SAN DIEGO – A Somali national accused of routing money from San Diego to a terrorist organization in his native country was being held without bail Friday after government prosecutors argued he was a flight risk and danger to the community.
Basaaly Saeed Moalin and two other Somali nationals living in San Diego were among six people indicted nationwide this week by federal authorities and accused of funneling funds to al-Shabab, an al-Qaida-linked militia trying to overthrow the African nation's transitional government and install a harsh brand of Islam across the country.
All three have pleaded not guilty.
The arrests are the latest in a federal crackdown that appears to be targeting members of the Somali community in the United States.

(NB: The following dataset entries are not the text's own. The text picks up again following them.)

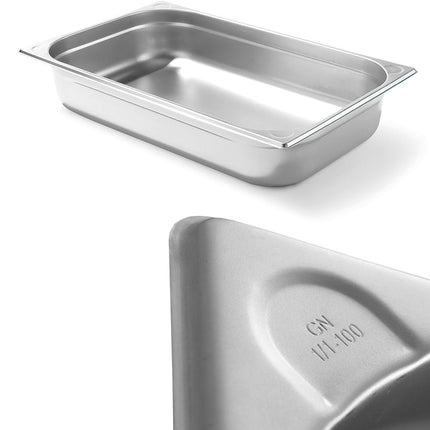 Container GN 1/1 steel Kitchen Line height. 100 mm - Hendi 806135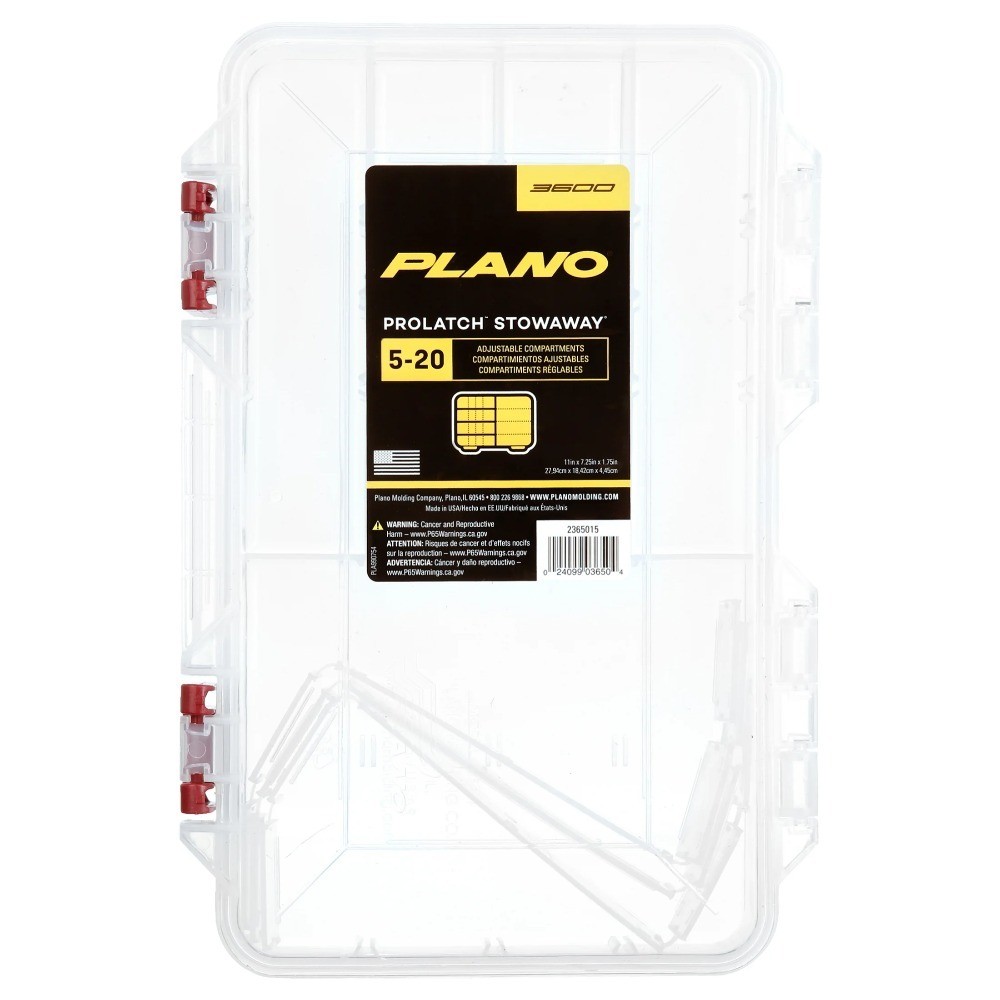 Medium Pro-Latch Organizer Box 2-Pack Stackable Storage Case with Secure Locking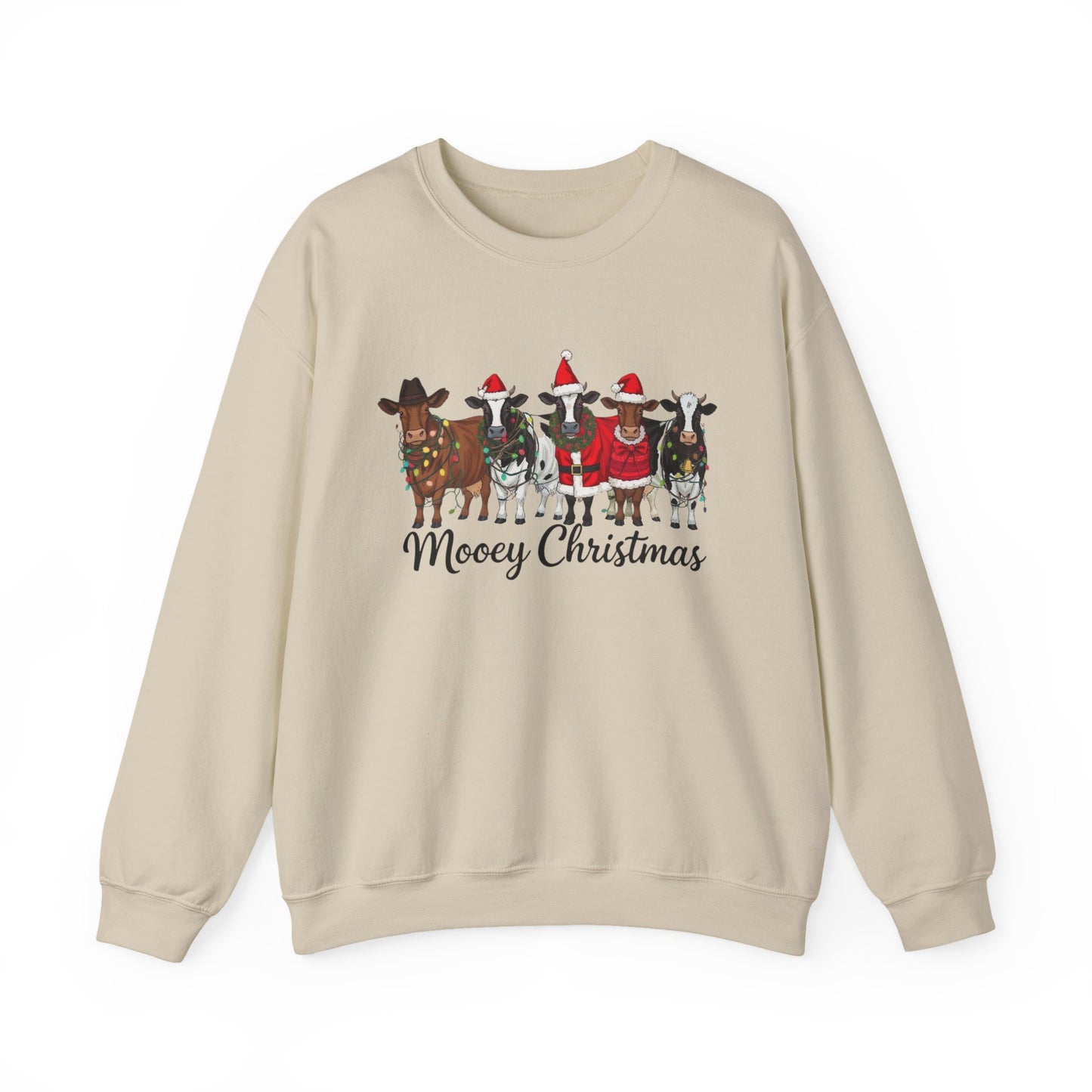 Mooey Christmas Crewneck Sweatshirt - Samberule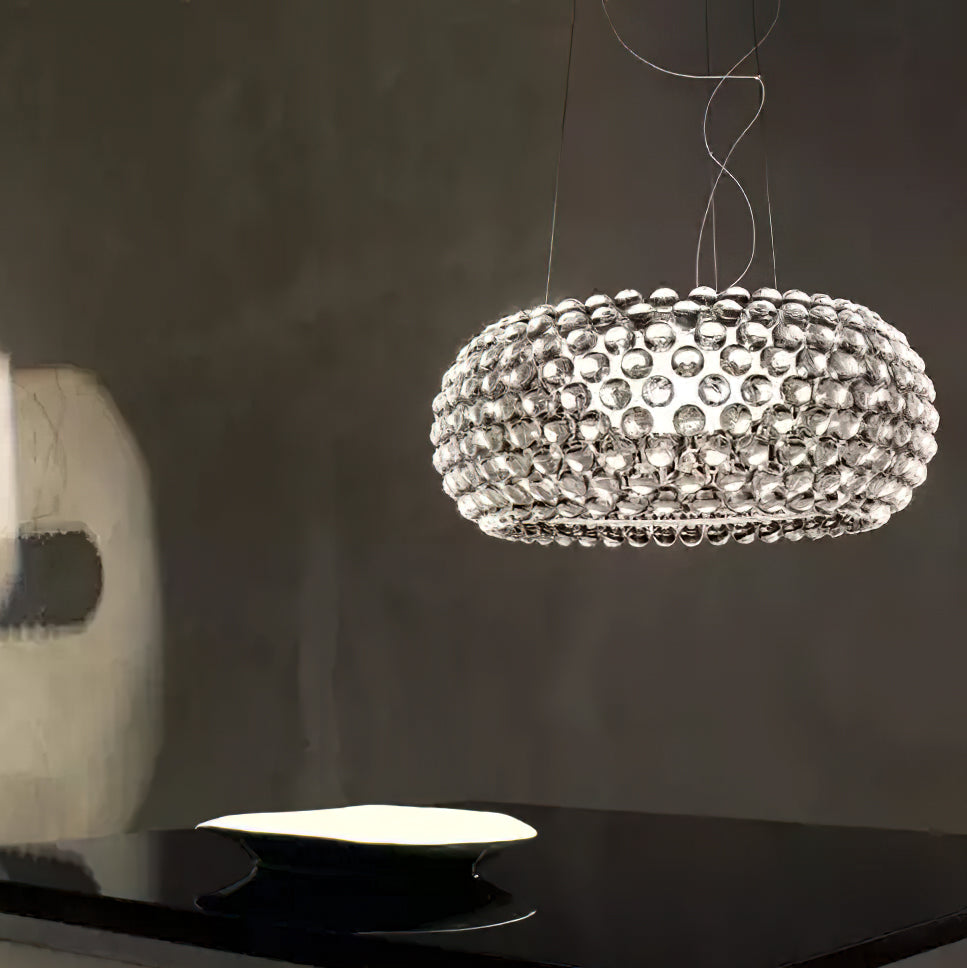 Elegant Caboche Pendant Light - Modern Glass Ceiling Lamp for Dining Room, Kitchen Island & Bedroom Decor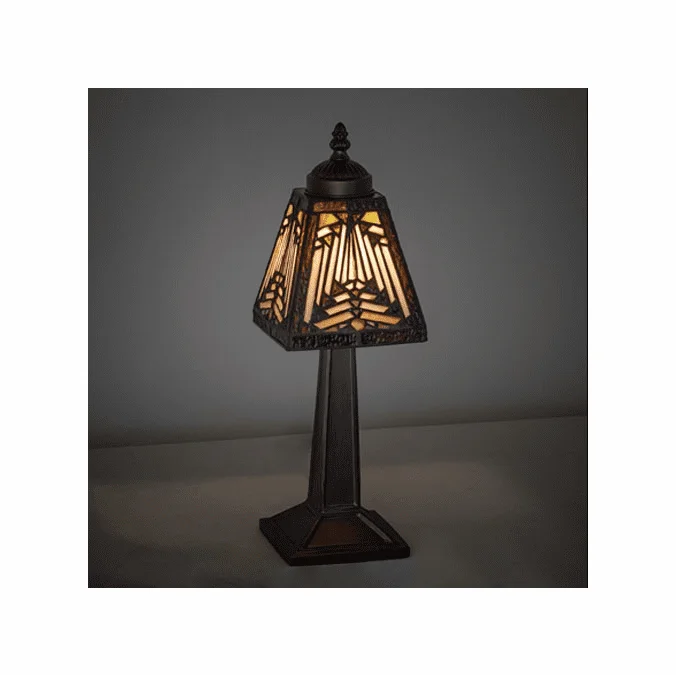 Meyda Lighting 262807 Nuevo Mission Tiffany Table Top Lamp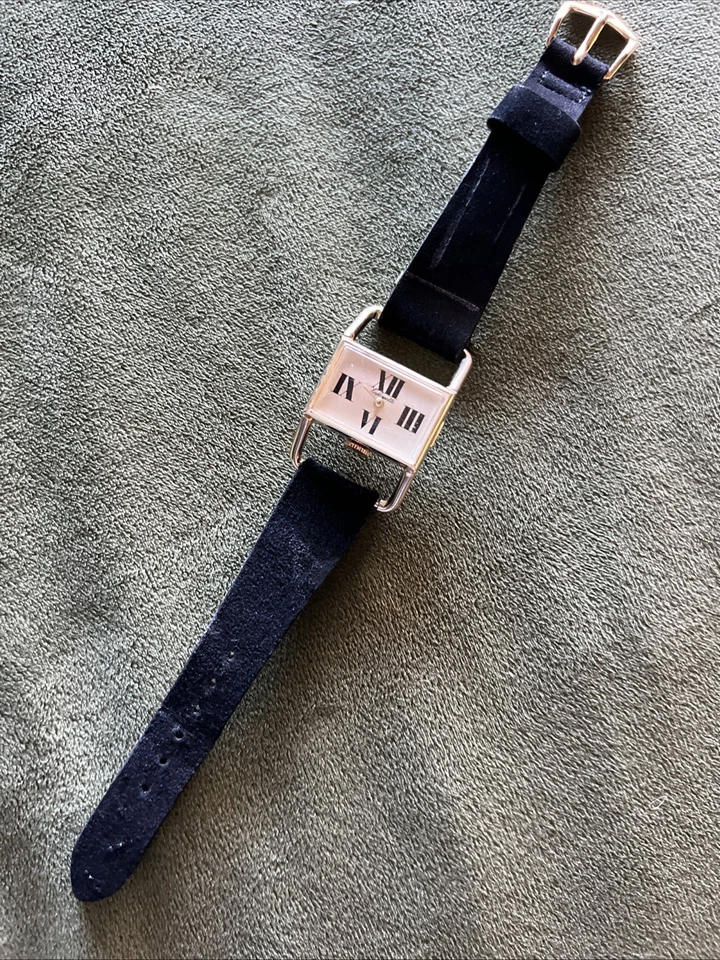 Vintage 60s Oris Watch Co - Lafayette - GSELL Band Tank Mechanical Watch - Image 2 of 4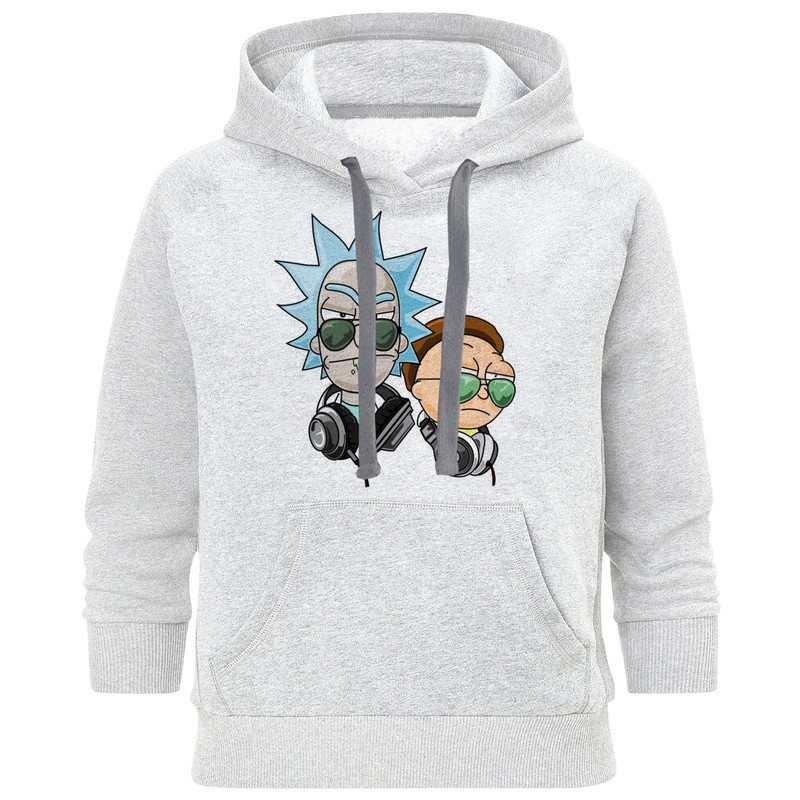 هودی مردانه طرح Rick Morty کد M39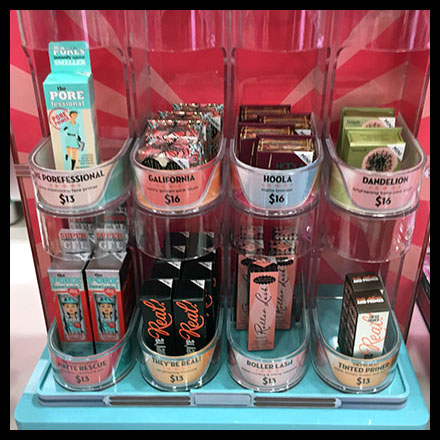 Benefit Mini-Sampler Acrylic Display-Trays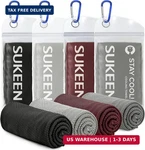 Sukeen 4 Pack Cooling Towels (40"x12"),ice Towel,soft Breathable Chilly Towel,mi. Fixed Price $33.98.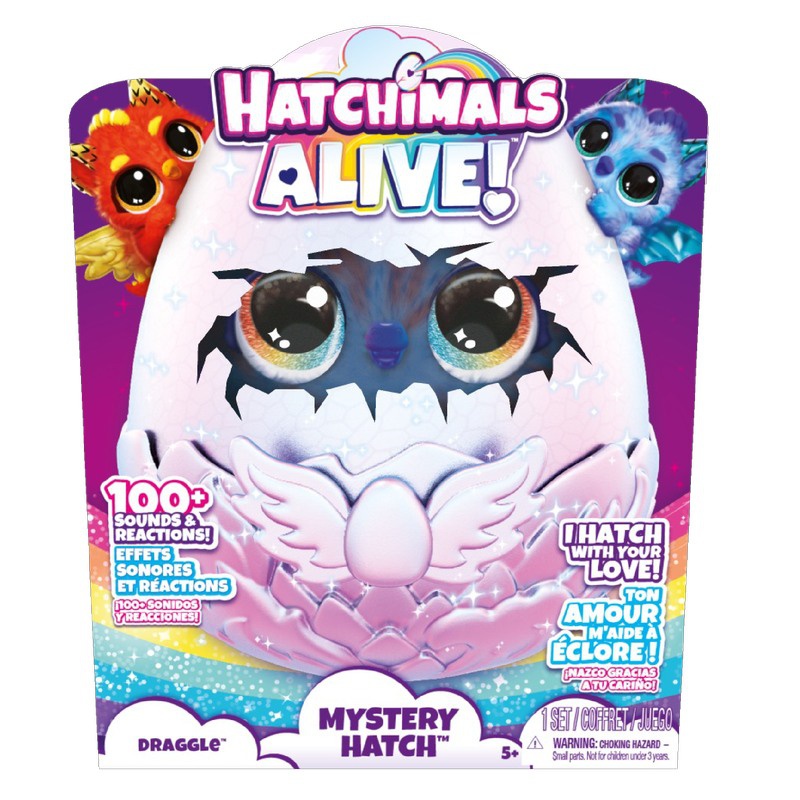 AKCE 1+1: Hatchimals líhnoucí se zvířátko dráček + sourozenci ve vajíčku s doplňky ZDARMA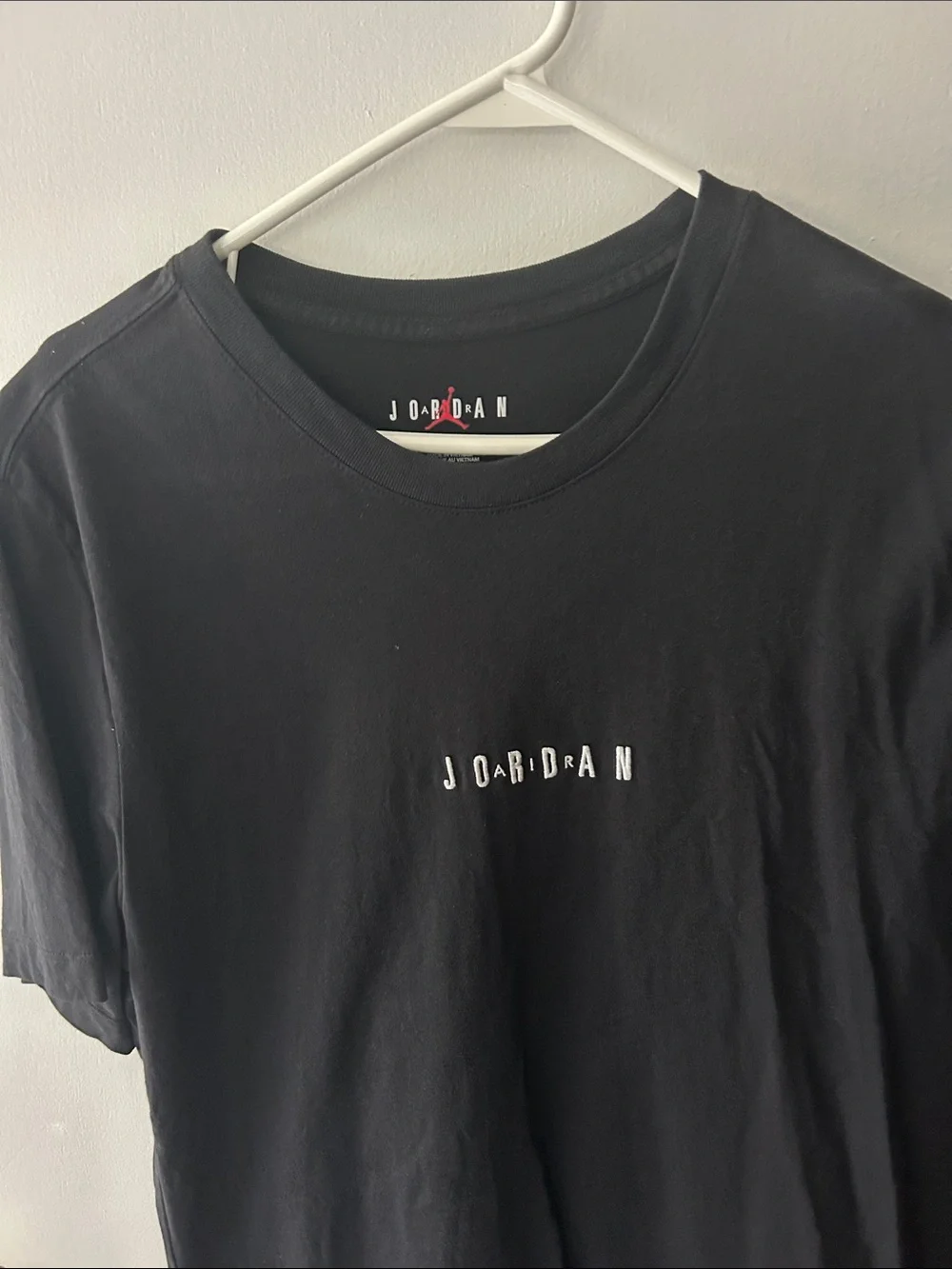 Jordan Black Short Sleeve Logo Tee Large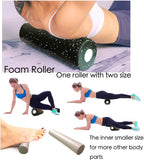 2 in 1 Massage Foam Roller Fitness Ball for Deep Tissue Exercise Massage Tool for Home, Gym, Yoga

Since this summer, at least 20 people, nearly all Somali nationals, have been indicted on charges of funding al-Shabab, which the U.S. says is responsible for assassinations and suicide bombings in Somalia. The arrests have been concentrated in Minnesota and San Diego, which have the two largest Somali refugee communities in the U.S.
Government prosecutors in San Diego say Moalin, Mohamed Mohamed Mohamud and Issa Doreh coordinated fundraising efforts and sent almost $9,000 to the group between 2007 and 2008. All three are from Somalia, but U.S. prosecutors said they could not confirm the men's citizenship.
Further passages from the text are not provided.